Practice-drill structure
Build each drill from four prompts: define the concept, name the triggering cue, choose the next action, and explain why two alternatives are weaker. A two-column sheet works well — high-yield cue on the left (breach spreading, evidence for court, prove a vuln is exploitable), and the exact action on the right (contain first, chain of custody, penetration test).
| Cue in the stem | Correct action | Why distractors fail |
|---|---|---|
| Incident still spreading | Contain before eradicate/recover | Cleaning during spread reinfects |
| Evidence may go to court | Preserve chain of custody and hash the image | Speed without integrity = inadmissible |
| Need broad, frequent checks | Vulnerability scan | A pen test is periodic and scoped |
| Need to prove real exploitability | Penetration test | A scan identifies but does not exploit |
A domain is ready when you can return after a day, answer mixed items without the domain label visible, and still explain why the distractors fail.
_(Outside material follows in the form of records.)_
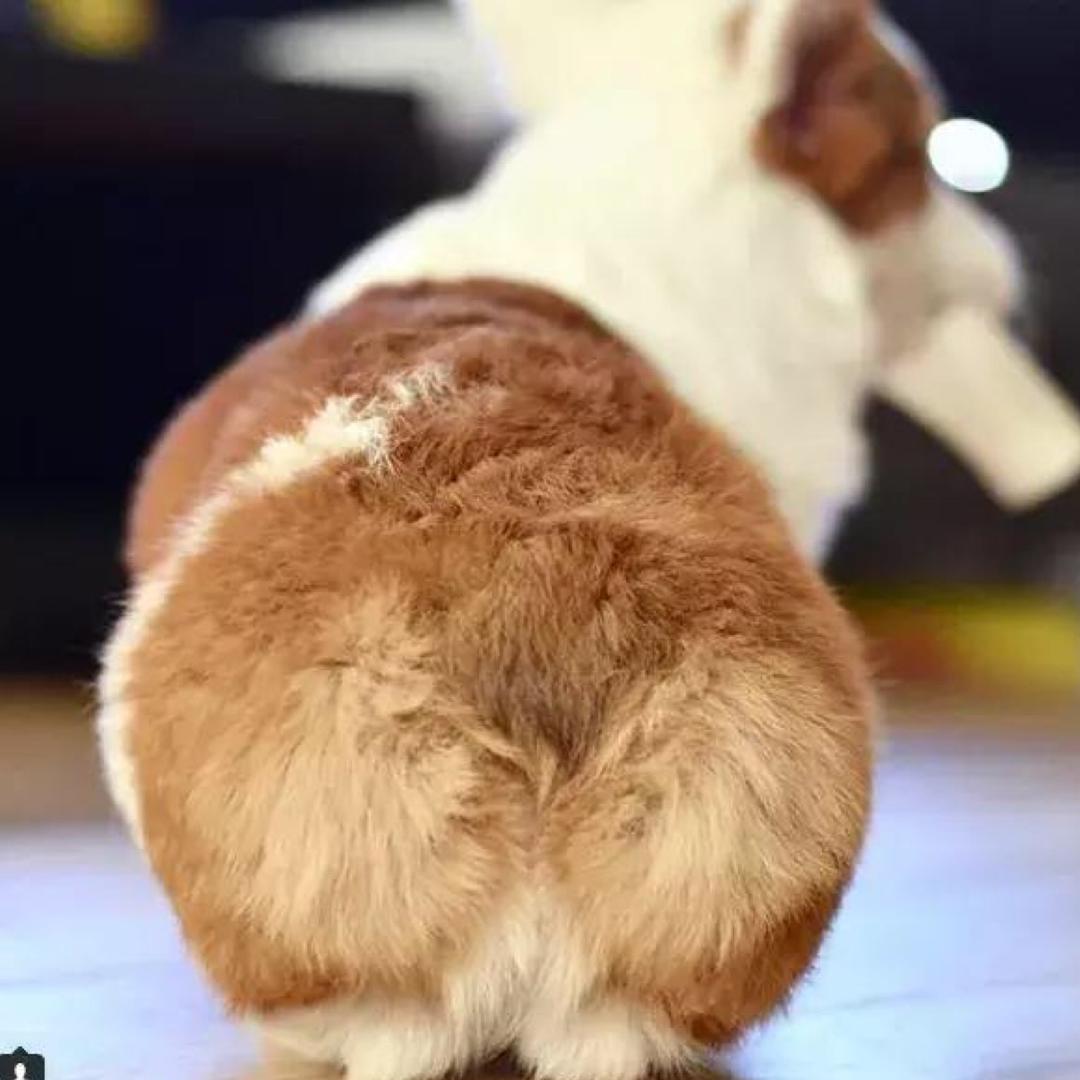 行程结束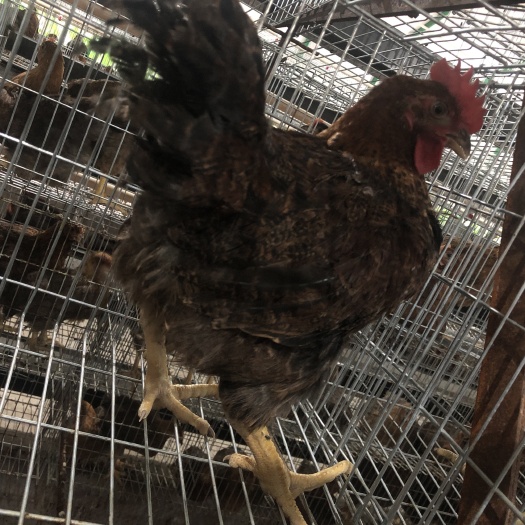 夏县 麻鸡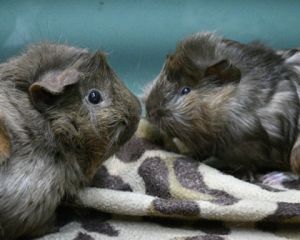 CHESTNUT, Baby Female Guinea Pig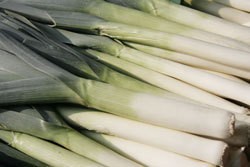 A bunch of leeks at the market.
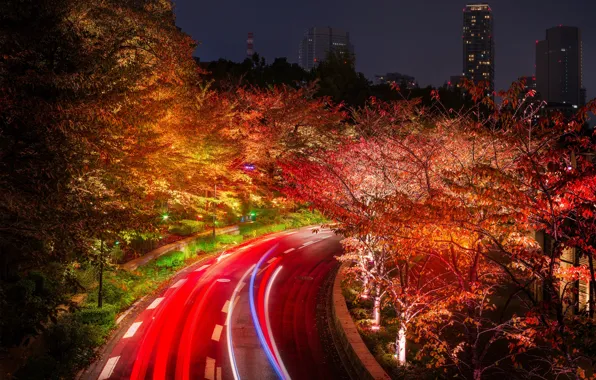 Road, trees, night, lights, home, Japan, Tokyo, lights
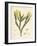 Fucus serratus-Henry Bradbury-Framed Giclee Print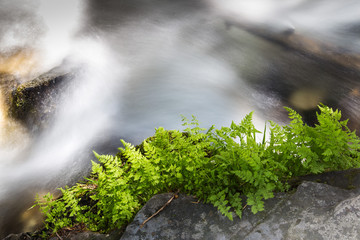 Rushing creek with ferns on the bank in Montana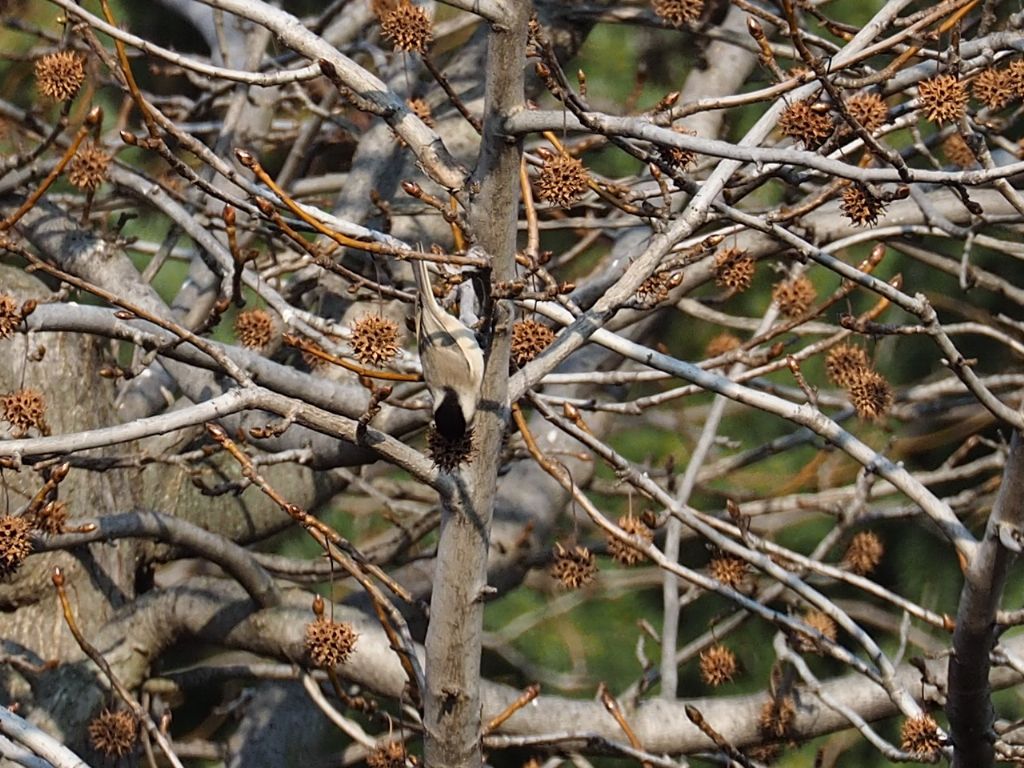 Cincia alpestre?  pi probabile Cincia bigia (Poecile palustris)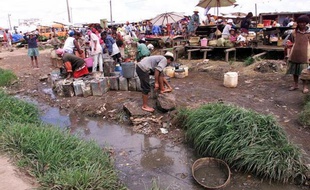 Madagascar est confronté cette année,plus que les années précédentes, à une propagation de la peste, qui a déjà affecté 86 personnes dont 39 sont mortes, selon le ministère de la Santé.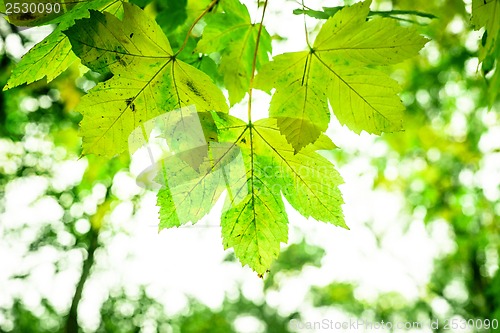 Image of Spring leaf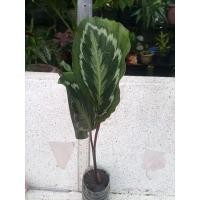 ราคา คล้าหางนกยูงเขียว ไม้มงคล (20747207163)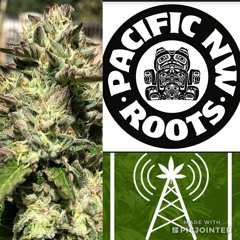 Ras Kaya Paul - Pacific NW Roots 03/29/2019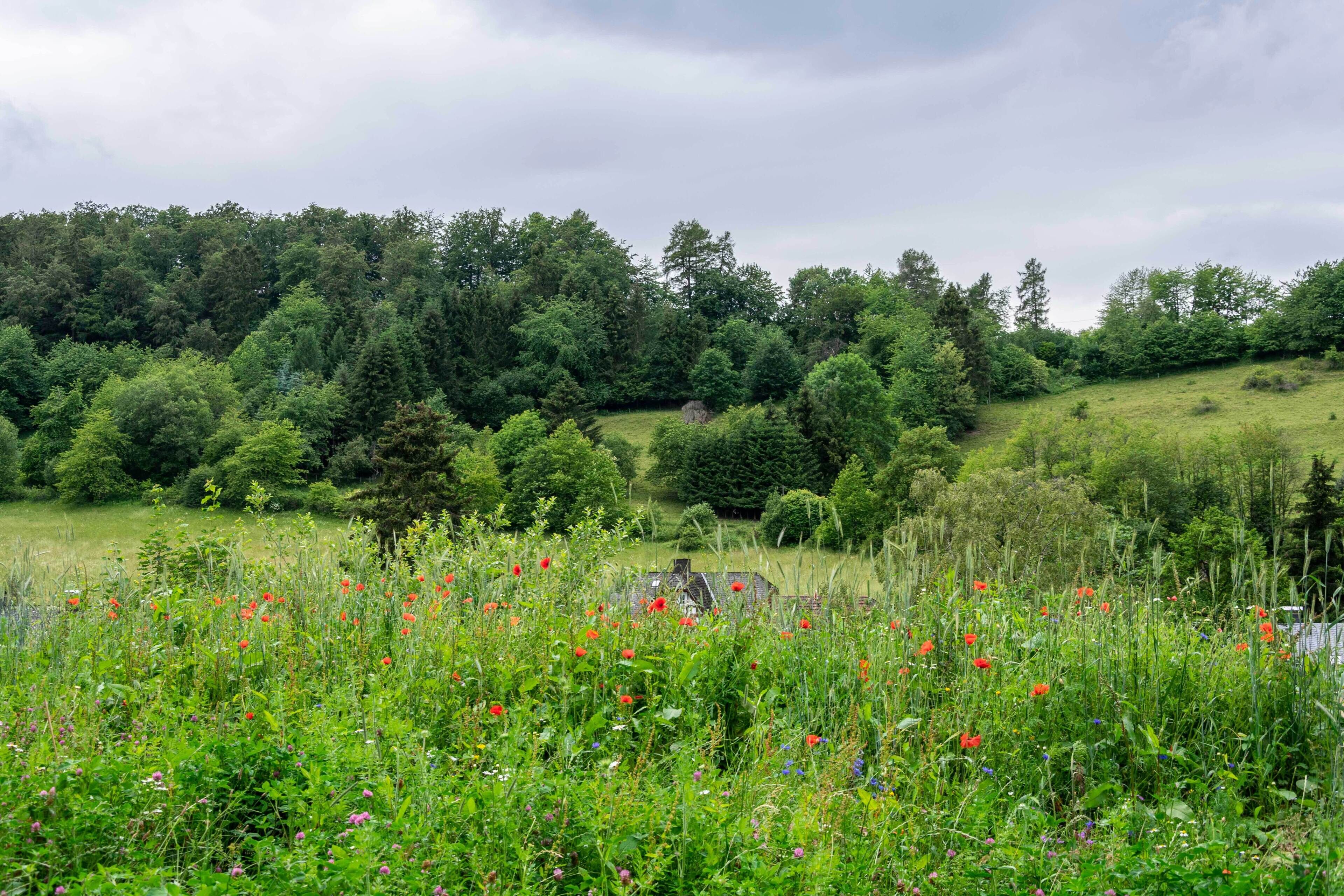 A rural landscape with a field of wildflowers, a small building, and a forested hill in the background.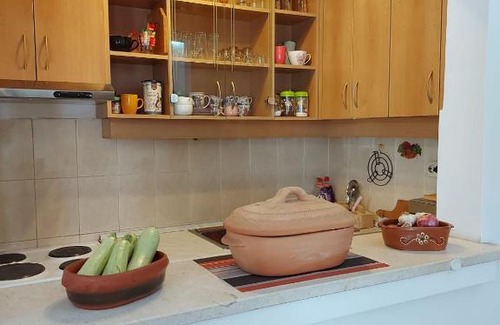 Golubovina Apartment | Cozy Family Apartment in Budva with Pet-Friendly Amenities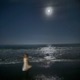 Celeste Single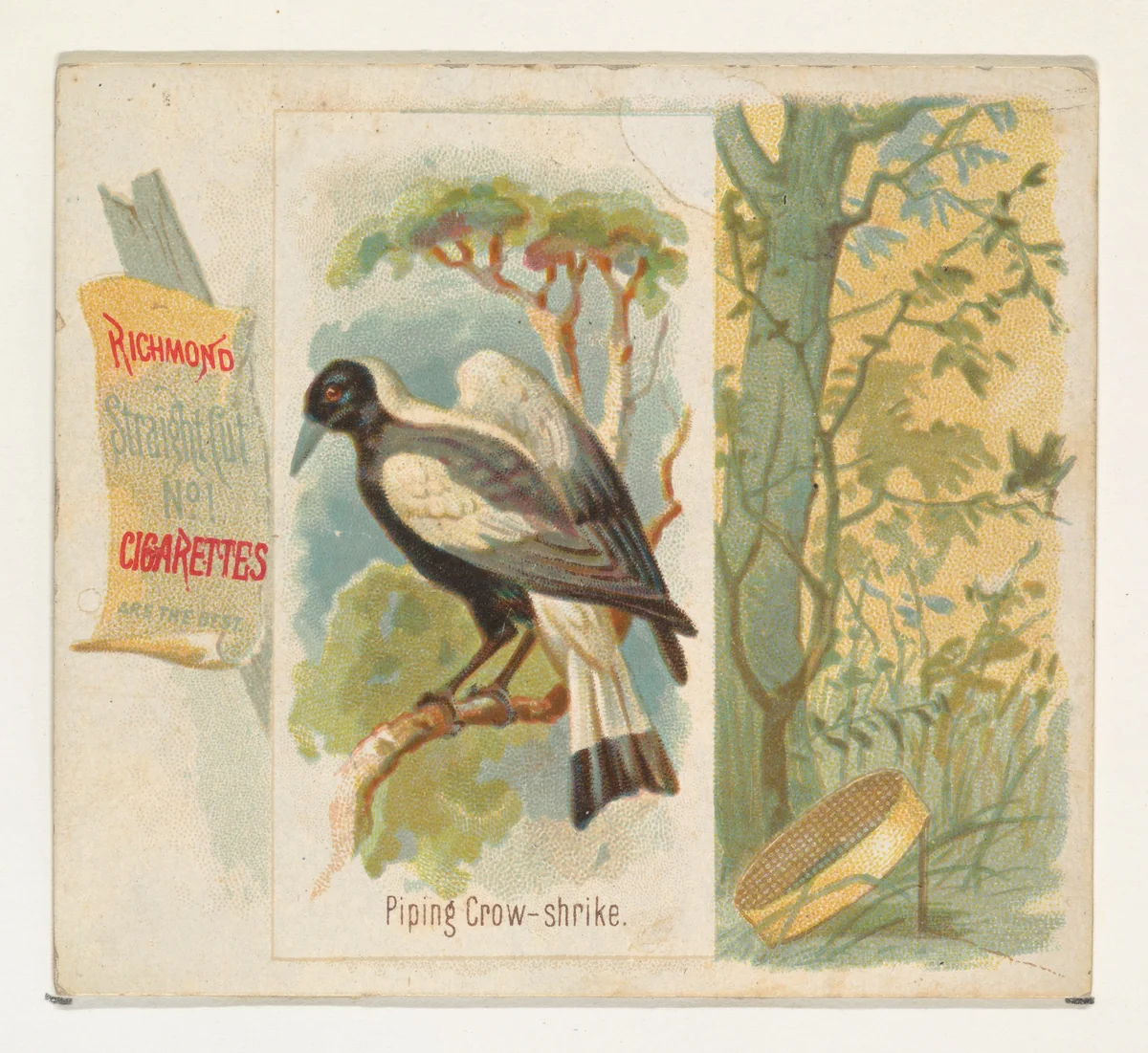 Piping Crow-shrike, from the Song Birds of the World series (N42) for Allen & Ginter Cigarettes by Allen & Ginter, print, 1890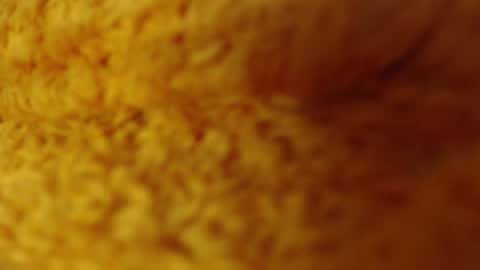 Snapshot of laralhotr chatting on 12.27.24 laralhotr online show from 12.27.24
If your score drops sharply after a break, the knowledge is recognition-based and needs more active recall.
An organization has just confirmed that malware is actively spreading across its network. What should the incident-response team do FIRST?
What is the PRIMARY purpose of maintaining a documented chain of custody during a forensic investigation?
Which statement BEST distinguishes a vulnerability scan from a penetration test?
Under the cloud shared responsibility model, which party is typically responsible for securing customer data and configuring identity and access management?